LOVE these. The Stallone was is all together incredible. I think it would be cool to add a solid color background to him. Just an opinion. You did a great job on the second one too. (Alyssa Milano, I think?) Especially on her mouth and teeth. Nice work.


----------



## Terminator9217

Wow buck nice job. I am trying out Water color myself and then Acrylic. I am also painting portraits and what ever I decide at the timIe. I painted Shannon Dorothy, Patric Swecy and Bob Dylon. I have painted other faces just to make up something. But all these are done in Oil. I also did charcoal portraits of faces I made up, except for Tyler and i forgot the name of the other fella but they are together on the same drawing and they are from Arosmith group. I still don't know how to post anything on this forum or any other forum for that matter, but hay that's a good job, keep it up.


----------



## Buck

Upload your images to photobucket or another image hosting site. Hotlink them using the share option. Copy and paste the code from in share options. It's easy. For bulletin bored like this one it will be the BB code option. Other forums allow HTML in their posts.


----------



## Buck

cassiopeia said:


> LOVE these. The Stallone was is all together incredible. I think it would be cool to add a solid color background to him. Just an opinion. You did a great job on the second one too. (Alyssa Milano, I think?) Especially on her mouth and teeth. Nice work.
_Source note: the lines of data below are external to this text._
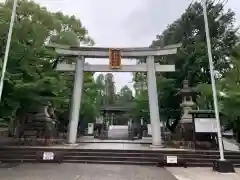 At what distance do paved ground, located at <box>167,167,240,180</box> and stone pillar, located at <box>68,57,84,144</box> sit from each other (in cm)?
691

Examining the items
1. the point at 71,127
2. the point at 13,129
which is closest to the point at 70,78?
the point at 13,129

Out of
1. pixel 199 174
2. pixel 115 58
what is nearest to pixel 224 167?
pixel 199 174

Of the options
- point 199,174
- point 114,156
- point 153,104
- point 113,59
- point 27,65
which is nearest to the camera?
point 199,174

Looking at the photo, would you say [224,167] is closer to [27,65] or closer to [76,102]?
[76,102]

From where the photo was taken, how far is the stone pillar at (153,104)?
650 inches

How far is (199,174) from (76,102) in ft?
29.7

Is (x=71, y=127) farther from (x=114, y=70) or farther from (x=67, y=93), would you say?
(x=67, y=93)

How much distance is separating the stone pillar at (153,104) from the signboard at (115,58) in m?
1.91

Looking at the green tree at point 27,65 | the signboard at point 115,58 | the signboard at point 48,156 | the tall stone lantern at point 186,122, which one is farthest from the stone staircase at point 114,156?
the signboard at point 115,58

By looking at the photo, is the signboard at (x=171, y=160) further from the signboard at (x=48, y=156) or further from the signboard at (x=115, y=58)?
the signboard at (x=115, y=58)

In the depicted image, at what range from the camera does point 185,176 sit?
10078 millimetres

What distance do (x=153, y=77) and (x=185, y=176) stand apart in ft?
27.2

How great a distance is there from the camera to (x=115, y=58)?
17.5 meters

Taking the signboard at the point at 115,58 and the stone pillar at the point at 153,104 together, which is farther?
the signboard at the point at 115,58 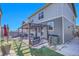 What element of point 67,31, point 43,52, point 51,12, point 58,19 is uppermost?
point 51,12

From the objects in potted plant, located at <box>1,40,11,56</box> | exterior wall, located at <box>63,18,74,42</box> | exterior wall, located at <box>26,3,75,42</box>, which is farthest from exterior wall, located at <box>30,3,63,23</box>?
potted plant, located at <box>1,40,11,56</box>

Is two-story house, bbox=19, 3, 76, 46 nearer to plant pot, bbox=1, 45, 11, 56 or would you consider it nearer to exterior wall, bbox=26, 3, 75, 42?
exterior wall, bbox=26, 3, 75, 42

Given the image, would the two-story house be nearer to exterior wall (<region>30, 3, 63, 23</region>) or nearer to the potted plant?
exterior wall (<region>30, 3, 63, 23</region>)

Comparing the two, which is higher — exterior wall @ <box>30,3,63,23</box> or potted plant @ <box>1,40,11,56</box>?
exterior wall @ <box>30,3,63,23</box>

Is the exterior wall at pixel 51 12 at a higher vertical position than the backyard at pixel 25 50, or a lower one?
higher

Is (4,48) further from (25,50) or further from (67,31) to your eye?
(67,31)

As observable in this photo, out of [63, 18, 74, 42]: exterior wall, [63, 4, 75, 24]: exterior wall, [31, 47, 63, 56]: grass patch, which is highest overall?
[63, 4, 75, 24]: exterior wall

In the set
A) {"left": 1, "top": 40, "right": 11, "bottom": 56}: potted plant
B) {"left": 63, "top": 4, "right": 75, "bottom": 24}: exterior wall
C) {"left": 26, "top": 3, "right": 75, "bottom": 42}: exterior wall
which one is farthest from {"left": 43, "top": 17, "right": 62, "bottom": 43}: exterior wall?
{"left": 1, "top": 40, "right": 11, "bottom": 56}: potted plant

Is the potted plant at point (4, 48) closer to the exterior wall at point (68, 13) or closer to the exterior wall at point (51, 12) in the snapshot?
the exterior wall at point (51, 12)

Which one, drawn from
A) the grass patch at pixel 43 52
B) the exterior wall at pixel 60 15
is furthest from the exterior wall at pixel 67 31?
the grass patch at pixel 43 52

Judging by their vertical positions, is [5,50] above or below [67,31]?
below

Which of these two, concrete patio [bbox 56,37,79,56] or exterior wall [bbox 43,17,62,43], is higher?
exterior wall [bbox 43,17,62,43]

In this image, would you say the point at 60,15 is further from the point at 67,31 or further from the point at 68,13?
the point at 67,31

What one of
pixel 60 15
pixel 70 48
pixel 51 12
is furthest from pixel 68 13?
pixel 70 48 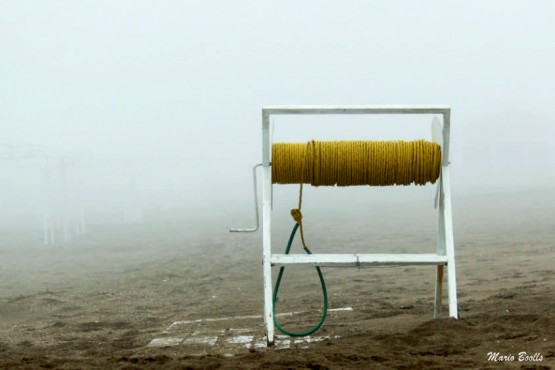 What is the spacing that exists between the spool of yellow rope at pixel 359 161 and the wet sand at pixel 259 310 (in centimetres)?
140

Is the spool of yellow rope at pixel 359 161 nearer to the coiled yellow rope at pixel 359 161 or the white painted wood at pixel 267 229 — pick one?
the coiled yellow rope at pixel 359 161

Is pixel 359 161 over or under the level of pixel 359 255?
over

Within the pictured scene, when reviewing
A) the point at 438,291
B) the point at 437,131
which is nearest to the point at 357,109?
the point at 437,131

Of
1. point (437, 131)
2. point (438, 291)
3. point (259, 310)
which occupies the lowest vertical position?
point (259, 310)

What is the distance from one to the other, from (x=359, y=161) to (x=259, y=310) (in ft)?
13.4

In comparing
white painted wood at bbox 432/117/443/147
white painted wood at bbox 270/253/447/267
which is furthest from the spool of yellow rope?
white painted wood at bbox 270/253/447/267

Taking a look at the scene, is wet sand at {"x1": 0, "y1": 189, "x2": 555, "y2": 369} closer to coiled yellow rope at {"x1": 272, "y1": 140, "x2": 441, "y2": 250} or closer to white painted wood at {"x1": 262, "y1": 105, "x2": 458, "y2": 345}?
white painted wood at {"x1": 262, "y1": 105, "x2": 458, "y2": 345}

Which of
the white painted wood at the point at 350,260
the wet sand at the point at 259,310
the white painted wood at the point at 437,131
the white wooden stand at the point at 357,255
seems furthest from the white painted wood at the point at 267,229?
the white painted wood at the point at 437,131

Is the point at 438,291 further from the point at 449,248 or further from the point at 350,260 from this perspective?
the point at 350,260

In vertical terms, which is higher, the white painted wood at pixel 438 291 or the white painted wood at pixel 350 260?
the white painted wood at pixel 350 260

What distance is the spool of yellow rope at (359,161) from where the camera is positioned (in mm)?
6664

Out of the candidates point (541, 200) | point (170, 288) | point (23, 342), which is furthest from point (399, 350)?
point (541, 200)

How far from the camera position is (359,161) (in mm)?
6664

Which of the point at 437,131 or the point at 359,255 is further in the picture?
the point at 437,131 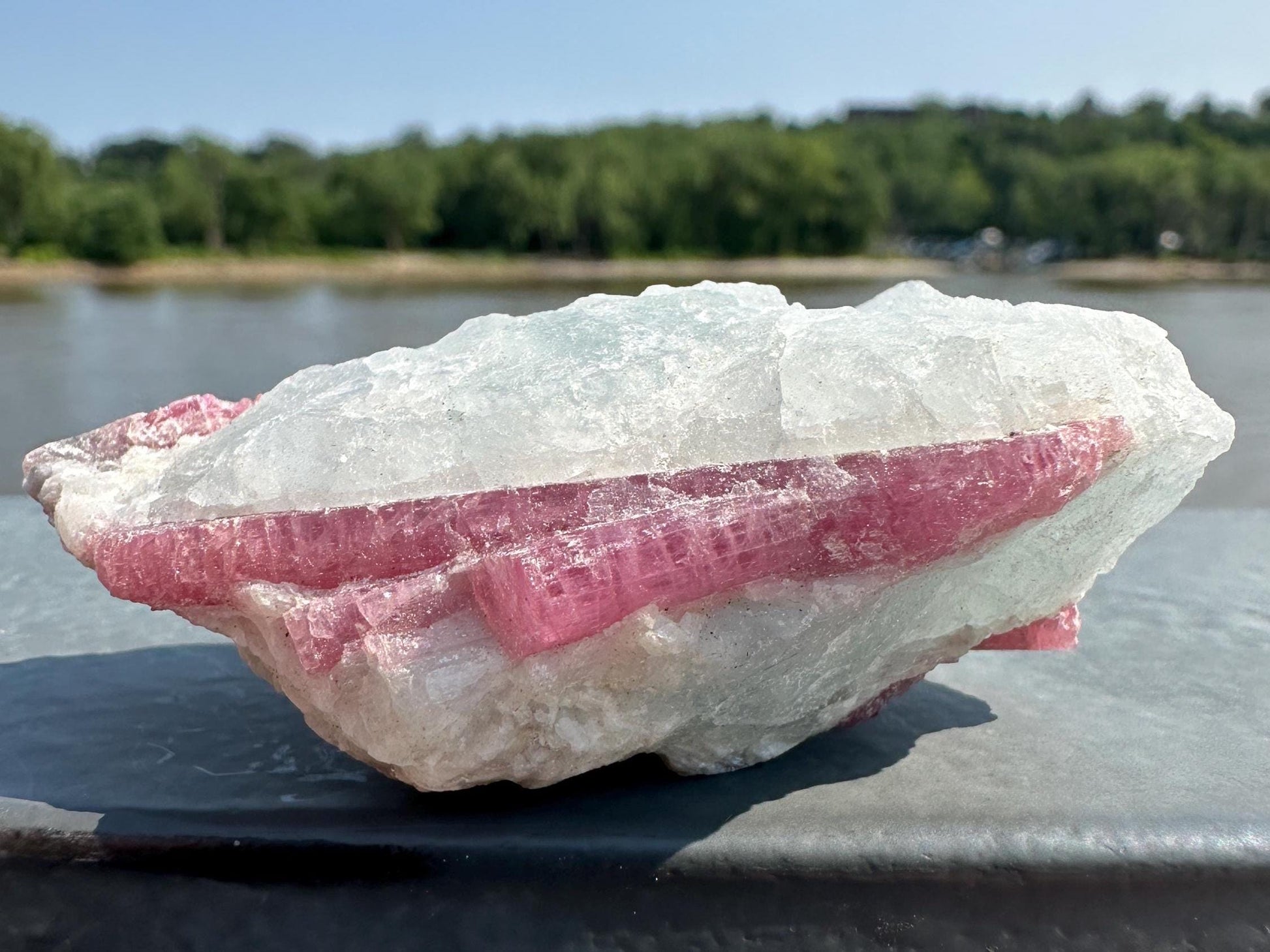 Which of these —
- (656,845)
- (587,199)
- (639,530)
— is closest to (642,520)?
(639,530)

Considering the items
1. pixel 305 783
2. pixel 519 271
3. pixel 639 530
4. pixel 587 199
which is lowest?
pixel 519 271

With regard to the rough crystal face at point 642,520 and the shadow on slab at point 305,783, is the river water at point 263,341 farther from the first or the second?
the shadow on slab at point 305,783

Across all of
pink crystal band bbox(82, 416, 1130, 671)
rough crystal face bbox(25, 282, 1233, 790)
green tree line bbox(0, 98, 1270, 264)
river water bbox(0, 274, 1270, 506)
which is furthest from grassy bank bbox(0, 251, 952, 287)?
A: pink crystal band bbox(82, 416, 1130, 671)

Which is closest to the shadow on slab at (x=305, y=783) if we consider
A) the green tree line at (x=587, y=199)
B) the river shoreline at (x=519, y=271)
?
the river shoreline at (x=519, y=271)

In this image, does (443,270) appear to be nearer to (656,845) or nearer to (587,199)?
(587,199)

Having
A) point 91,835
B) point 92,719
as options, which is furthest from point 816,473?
point 92,719

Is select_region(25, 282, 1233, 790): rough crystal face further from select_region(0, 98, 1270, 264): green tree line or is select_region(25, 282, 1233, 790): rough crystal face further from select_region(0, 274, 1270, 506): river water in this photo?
select_region(0, 98, 1270, 264): green tree line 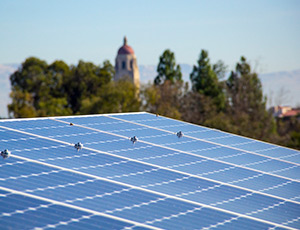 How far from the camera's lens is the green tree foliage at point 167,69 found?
9881cm

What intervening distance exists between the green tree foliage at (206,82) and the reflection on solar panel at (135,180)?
7033 cm

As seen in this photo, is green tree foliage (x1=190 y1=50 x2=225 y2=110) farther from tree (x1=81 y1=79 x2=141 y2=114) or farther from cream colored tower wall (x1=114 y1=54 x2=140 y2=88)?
cream colored tower wall (x1=114 y1=54 x2=140 y2=88)

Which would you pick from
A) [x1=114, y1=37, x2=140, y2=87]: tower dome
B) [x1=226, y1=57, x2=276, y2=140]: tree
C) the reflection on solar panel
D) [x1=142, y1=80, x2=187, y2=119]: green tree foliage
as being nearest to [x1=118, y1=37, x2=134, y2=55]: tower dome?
[x1=114, y1=37, x2=140, y2=87]: tower dome

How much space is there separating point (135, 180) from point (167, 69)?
85520 mm

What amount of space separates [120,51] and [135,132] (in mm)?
153380

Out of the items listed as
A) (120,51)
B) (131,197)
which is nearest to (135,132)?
(131,197)

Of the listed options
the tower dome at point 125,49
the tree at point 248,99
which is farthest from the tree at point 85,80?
the tower dome at point 125,49

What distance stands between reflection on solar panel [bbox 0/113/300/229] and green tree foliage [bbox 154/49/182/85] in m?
78.3

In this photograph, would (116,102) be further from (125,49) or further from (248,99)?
(125,49)

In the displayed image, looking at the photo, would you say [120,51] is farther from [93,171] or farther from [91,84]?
[93,171]

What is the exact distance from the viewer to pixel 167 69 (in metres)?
98.7

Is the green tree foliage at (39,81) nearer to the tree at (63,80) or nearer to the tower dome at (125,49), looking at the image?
the tree at (63,80)

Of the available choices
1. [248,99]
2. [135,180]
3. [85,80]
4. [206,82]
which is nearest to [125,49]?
[85,80]

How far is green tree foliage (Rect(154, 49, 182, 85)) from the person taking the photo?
9881 cm
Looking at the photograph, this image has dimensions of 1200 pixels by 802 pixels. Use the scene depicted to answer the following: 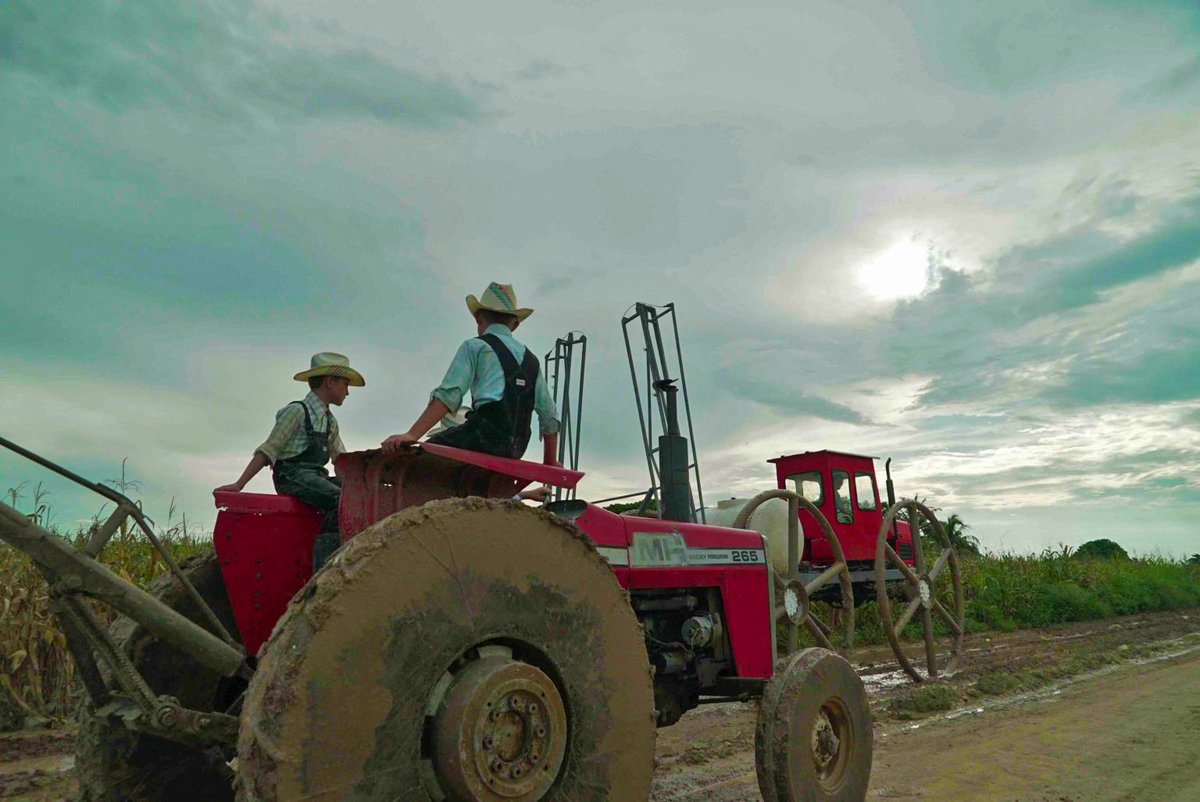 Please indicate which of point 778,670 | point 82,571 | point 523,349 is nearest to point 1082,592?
point 778,670

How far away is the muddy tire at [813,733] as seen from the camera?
3.50 m

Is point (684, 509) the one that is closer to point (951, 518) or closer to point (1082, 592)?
point (1082, 592)

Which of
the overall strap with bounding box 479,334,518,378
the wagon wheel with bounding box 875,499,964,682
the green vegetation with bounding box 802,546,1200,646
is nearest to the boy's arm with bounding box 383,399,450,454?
the overall strap with bounding box 479,334,518,378

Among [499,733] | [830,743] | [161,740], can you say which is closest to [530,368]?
[499,733]

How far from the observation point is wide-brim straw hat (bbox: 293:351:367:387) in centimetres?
409

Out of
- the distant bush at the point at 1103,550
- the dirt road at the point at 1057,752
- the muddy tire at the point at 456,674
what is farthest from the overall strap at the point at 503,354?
the distant bush at the point at 1103,550

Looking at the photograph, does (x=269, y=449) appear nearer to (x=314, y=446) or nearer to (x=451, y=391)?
(x=314, y=446)

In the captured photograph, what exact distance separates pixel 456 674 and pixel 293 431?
1.86m

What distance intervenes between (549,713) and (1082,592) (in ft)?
64.1

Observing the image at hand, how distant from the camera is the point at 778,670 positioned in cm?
376

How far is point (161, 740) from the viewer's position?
312 cm

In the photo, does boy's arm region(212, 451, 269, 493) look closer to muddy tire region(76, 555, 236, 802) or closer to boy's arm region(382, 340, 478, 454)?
muddy tire region(76, 555, 236, 802)

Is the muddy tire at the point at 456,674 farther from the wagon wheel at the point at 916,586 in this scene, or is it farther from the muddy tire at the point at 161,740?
the wagon wheel at the point at 916,586

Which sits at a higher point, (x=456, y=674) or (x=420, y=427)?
(x=420, y=427) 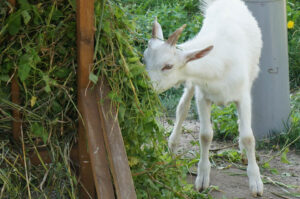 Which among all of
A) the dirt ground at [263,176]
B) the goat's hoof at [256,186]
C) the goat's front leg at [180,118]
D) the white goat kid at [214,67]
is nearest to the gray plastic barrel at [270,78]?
the dirt ground at [263,176]

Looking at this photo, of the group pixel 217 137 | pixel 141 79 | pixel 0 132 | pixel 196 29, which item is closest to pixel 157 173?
pixel 141 79

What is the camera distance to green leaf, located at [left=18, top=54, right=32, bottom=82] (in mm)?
3176

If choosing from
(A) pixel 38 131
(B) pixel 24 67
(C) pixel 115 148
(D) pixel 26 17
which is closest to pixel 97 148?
(C) pixel 115 148

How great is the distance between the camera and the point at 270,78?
638cm

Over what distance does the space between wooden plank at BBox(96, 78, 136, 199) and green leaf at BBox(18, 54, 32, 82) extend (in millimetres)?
460

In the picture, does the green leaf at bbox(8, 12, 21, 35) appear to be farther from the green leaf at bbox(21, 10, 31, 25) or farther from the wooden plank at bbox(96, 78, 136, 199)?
the wooden plank at bbox(96, 78, 136, 199)

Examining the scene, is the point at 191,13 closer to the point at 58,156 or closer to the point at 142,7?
the point at 142,7

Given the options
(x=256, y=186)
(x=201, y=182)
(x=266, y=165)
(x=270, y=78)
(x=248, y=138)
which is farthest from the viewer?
(x=270, y=78)

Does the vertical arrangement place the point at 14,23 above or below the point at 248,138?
above

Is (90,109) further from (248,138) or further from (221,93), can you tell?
(248,138)

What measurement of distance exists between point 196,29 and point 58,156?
5342 millimetres

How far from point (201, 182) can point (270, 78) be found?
1925 mm

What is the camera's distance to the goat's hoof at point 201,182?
507cm

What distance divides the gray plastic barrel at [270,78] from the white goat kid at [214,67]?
632mm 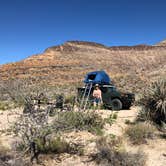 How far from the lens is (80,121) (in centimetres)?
976

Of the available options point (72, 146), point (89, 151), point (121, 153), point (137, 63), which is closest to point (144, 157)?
point (121, 153)

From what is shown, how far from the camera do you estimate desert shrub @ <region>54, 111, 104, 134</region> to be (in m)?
8.38

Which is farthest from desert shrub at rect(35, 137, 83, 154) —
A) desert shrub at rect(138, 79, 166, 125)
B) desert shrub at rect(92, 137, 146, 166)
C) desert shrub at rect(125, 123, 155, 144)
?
desert shrub at rect(138, 79, 166, 125)

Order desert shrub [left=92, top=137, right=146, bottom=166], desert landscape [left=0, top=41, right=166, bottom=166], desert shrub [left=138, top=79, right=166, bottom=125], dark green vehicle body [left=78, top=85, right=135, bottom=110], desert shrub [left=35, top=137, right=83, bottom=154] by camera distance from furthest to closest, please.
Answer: dark green vehicle body [left=78, top=85, right=135, bottom=110]
desert shrub [left=138, top=79, right=166, bottom=125]
desert shrub [left=35, top=137, right=83, bottom=154]
desert landscape [left=0, top=41, right=166, bottom=166]
desert shrub [left=92, top=137, right=146, bottom=166]

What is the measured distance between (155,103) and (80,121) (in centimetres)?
315

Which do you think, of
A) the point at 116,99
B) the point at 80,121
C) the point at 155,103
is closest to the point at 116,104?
the point at 116,99

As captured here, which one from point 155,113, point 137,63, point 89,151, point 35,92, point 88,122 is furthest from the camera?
point 137,63

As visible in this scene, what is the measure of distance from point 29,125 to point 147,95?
5.48 meters

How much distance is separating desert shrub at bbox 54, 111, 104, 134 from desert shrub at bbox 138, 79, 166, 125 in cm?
185

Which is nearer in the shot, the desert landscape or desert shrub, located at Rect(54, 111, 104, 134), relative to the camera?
the desert landscape

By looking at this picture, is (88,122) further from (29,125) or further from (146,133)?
(29,125)

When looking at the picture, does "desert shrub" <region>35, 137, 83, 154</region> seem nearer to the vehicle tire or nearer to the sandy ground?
the sandy ground

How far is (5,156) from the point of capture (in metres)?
7.36

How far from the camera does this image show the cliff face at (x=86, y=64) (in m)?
→ 54.1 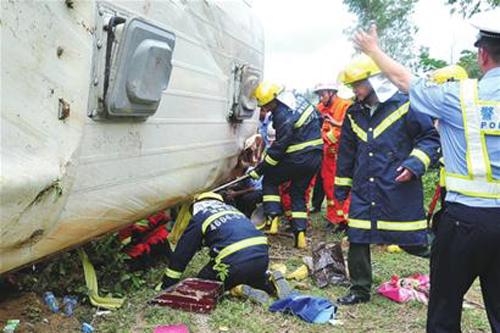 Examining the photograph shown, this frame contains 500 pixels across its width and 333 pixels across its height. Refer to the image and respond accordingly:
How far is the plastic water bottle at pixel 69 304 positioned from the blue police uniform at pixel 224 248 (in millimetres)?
666

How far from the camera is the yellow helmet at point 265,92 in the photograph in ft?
16.4

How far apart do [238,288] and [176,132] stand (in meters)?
1.22

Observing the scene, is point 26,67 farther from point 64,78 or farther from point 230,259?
point 230,259

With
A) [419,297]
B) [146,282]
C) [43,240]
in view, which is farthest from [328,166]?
[43,240]

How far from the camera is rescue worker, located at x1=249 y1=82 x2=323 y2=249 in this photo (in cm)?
509

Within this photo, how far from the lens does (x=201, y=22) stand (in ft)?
11.5

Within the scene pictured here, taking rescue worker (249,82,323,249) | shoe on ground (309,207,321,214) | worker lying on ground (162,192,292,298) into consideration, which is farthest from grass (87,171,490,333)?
shoe on ground (309,207,321,214)

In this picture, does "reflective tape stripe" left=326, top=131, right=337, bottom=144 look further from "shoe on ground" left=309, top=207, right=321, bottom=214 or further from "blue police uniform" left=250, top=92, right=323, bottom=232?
"shoe on ground" left=309, top=207, right=321, bottom=214

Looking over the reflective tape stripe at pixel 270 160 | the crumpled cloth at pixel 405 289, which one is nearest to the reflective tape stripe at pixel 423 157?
the crumpled cloth at pixel 405 289

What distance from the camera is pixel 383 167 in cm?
346

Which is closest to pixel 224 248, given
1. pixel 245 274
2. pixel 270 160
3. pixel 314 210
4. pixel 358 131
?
pixel 245 274

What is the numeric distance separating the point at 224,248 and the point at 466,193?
179cm

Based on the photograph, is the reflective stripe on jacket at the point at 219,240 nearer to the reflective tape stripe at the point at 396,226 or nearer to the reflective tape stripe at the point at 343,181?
the reflective tape stripe at the point at 343,181

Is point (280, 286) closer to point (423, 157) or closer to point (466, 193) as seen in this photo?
point (423, 157) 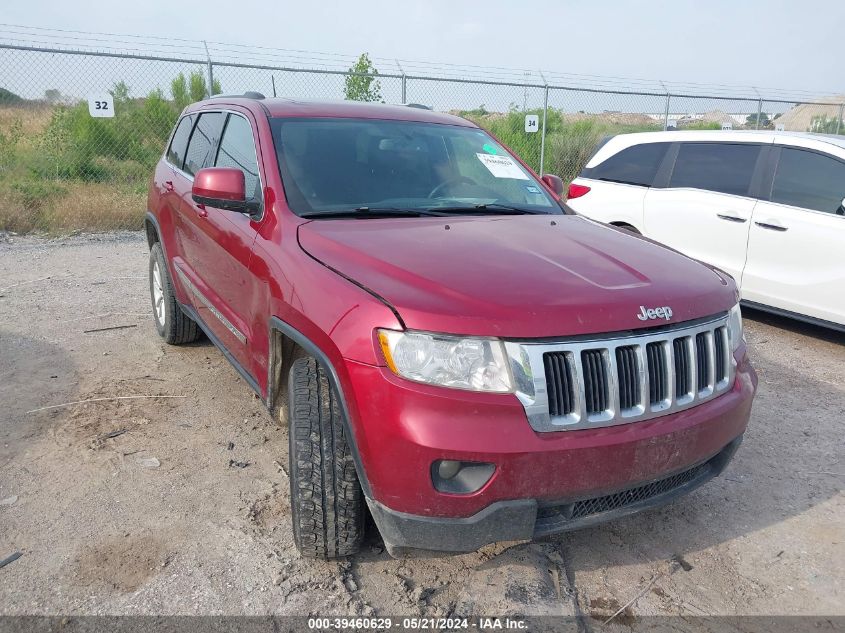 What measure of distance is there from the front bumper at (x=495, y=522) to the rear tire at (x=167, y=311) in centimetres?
300

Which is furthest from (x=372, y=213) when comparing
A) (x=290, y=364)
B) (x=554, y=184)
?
(x=554, y=184)

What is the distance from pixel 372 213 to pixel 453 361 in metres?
1.17

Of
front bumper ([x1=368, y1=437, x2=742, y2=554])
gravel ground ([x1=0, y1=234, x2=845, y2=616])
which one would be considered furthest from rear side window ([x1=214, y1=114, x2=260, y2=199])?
front bumper ([x1=368, y1=437, x2=742, y2=554])

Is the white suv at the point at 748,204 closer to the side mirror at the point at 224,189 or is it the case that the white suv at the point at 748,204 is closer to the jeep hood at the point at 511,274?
the jeep hood at the point at 511,274

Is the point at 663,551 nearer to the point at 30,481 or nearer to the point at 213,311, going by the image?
the point at 213,311

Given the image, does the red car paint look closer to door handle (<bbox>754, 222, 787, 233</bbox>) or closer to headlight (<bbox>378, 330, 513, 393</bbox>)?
headlight (<bbox>378, 330, 513, 393</bbox>)

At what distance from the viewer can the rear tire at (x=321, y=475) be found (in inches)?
95.0

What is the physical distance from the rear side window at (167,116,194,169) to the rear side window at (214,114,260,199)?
847mm

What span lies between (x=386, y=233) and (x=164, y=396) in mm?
2172

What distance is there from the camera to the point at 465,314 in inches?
84.4

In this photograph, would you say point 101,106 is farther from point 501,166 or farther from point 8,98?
point 501,166

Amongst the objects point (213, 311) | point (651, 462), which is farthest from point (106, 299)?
point (651, 462)

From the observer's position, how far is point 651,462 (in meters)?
2.30

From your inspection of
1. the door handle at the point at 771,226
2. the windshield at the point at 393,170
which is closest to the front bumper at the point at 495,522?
the windshield at the point at 393,170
Using a solid color background on really makes monochromatic images pop off the canvas. I used an acrylic spray paint for most of this one. The Stallone I wanted to give a really serious look so I did in greyscale only.


----------



## DLeeG

Buck said:


> I took up painting seriously in March of 2010.


 Wow!!

Can I ask how old you are? I only ask besause you've been painting seriously for less than a year.


----------



## Buck

I'm 32 years old.


----------



## PencilMeIn

Excellent work! I love the use of color in the second one and the striking orange background. You've captured the essence of each one perfectly. Beautiful job!


----------



## fhyde

That is some amazing work! I really want to work more acrylic with knives now...that's a very clean look.


----------